In "Loving Pia," the central character of Pia is played by Pia Skovgaard who is intellectually disabled in real life. The film is shot in the home of her and her mother, Guittou Skovgaard, with no changes made to the décor nor any artificial lighting. The story grew organically from spending time with Pia and Guittou, whom Borgman and his producer Katja Adomeit found after a long casting process driving around the country and having coffees with different people in what Borgman calls "adult dependent relationships."

He got on "really well" with Pia and Guittou, and one visit led to another until he asked if he could bring his camera. In total, they spent three years on the process.

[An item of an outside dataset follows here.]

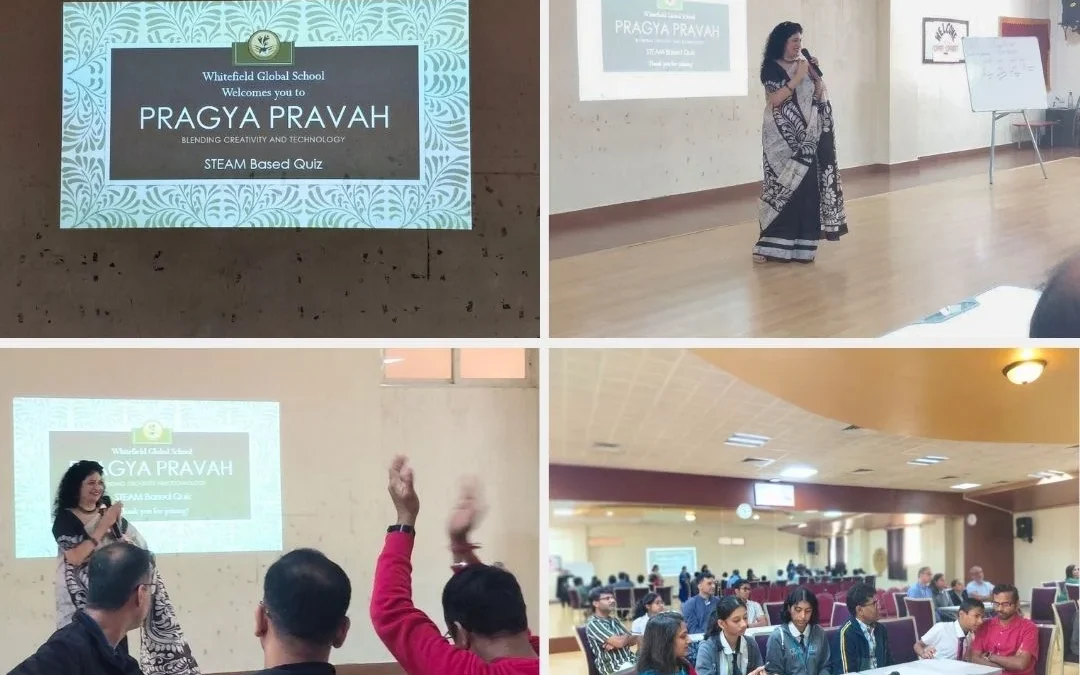 Grades 6 to 8 Parent Engagement Activity WGS Best CBSE School Whitefield 1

"To begin with, we had a treatment which was quite dramatic," tells Borgman. "We adjusted the treatment to being about Pia, based on our contact. Then we suddenly learned a whole bunch of stuff about Pia's feelings, and that blew the script apart. So we restarted."

What changed the story into revolving around Pia's romantic quest was Borgman one day setting her aside, asking her to close her eyes and imagining her future.

"She started talking about how her mother was gone, and she would be gone too. 'She's gone, I'm gone. There's no one to take care of me without her.' Then she talked about how she had feelings for this French alternative politician called José Bové whom she had met once because her mother was an activist, but he was already married. But she said that if she didn't find love, she would disappear," Borgman recounts.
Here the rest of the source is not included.